けれどもやはり雨は雨。めんどくさいことこの上ない。
「ん?」
進行方向に人影。とダンボール。
それと、雨音に混じり小さな鳴き声。
「足立さん」
私はその人影に声をかける。
足立さんは、私に気づくとまるで仏様でも見たかのような表情になった。何事だろうか。
「どうしたんですか?」
一応、形式的に聞いてみる。
「いやぁ、子猫が鳴いててさ。
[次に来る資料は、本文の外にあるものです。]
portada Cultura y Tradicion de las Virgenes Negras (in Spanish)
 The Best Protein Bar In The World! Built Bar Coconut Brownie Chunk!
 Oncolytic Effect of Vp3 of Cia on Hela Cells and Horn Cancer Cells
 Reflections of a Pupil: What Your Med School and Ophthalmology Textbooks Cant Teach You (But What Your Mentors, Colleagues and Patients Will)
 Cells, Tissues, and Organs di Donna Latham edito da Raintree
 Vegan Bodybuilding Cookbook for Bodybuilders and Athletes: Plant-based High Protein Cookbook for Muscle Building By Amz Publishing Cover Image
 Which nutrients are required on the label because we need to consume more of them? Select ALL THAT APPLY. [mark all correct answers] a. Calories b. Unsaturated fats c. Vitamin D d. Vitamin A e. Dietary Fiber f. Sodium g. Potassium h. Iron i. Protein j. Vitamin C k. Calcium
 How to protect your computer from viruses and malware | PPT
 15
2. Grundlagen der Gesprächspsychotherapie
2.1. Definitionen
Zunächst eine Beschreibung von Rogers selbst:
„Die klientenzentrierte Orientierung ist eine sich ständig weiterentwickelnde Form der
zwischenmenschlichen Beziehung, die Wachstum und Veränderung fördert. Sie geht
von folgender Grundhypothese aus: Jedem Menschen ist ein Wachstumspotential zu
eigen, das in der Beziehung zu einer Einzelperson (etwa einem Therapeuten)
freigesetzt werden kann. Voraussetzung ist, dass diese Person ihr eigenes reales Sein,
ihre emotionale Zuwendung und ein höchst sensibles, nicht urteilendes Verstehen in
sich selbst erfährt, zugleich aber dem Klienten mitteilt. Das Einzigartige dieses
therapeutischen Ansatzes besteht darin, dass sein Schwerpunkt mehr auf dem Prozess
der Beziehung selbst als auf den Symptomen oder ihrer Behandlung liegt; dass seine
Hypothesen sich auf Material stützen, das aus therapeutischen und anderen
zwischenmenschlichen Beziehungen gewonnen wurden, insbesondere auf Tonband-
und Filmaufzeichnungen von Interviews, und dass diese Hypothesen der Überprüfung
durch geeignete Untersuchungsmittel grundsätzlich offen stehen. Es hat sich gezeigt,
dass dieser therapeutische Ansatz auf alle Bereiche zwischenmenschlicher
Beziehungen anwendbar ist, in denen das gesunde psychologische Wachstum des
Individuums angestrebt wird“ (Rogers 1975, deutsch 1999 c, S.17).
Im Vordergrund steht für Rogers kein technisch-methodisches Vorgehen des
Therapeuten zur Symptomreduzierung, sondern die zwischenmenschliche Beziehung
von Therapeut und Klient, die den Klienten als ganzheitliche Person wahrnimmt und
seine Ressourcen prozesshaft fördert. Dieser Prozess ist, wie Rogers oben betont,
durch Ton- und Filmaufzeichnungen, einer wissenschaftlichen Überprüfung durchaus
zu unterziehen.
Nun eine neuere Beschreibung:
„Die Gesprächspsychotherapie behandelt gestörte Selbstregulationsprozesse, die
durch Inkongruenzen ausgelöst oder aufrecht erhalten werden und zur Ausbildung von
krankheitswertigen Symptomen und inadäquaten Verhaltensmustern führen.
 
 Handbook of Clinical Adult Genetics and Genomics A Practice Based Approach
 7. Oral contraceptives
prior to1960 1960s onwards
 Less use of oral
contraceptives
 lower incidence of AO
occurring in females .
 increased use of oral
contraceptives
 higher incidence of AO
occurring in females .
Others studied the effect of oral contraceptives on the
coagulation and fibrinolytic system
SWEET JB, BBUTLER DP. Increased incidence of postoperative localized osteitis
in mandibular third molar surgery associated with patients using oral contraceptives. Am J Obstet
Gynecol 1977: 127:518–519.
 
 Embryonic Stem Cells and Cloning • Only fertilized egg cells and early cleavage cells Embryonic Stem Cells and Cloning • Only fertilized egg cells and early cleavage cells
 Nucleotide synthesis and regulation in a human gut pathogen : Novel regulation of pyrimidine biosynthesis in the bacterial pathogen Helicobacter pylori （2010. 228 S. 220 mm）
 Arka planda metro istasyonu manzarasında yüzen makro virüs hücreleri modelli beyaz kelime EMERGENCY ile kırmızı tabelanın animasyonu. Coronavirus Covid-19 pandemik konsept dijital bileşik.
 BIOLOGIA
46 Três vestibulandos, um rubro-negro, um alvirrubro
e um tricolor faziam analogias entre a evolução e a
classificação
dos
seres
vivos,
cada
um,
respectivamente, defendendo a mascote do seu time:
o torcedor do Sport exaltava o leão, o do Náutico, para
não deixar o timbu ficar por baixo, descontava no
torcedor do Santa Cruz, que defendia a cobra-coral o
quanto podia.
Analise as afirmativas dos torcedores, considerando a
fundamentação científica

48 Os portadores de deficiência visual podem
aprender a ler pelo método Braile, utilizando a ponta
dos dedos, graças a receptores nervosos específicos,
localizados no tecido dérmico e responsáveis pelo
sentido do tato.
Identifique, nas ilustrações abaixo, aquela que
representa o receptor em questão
雨に濡れてるみたいだったから」
「子猫?」
そう聞くと足立さんは「これこれ」と言ってダンボールを指差した。
ダンボールを覗くと確かに子猫が鳴いている。
「………傘が必要なんですか」
「そう、傘が必要なの」
「………足立さん持ってるじゃないですか」
「ヤダよ、僕濡れたくない」
「私も嫌です、ってなわけで交渉決裂」
あっさりと足立さんの交渉は失敗に終わり、私がまた徒歩に戻ろうとした時に
「にゃー」
と子猫が一鳴き。
今度は君が交渉するんですか。負ける気しかしない。
「だってさ」
足立さんが笑いながら言う。
私は静かにため息をつき、
「仕方ない…子猫くんの為に濡れます」
そう言い、自分の傘を子猫の上に置く。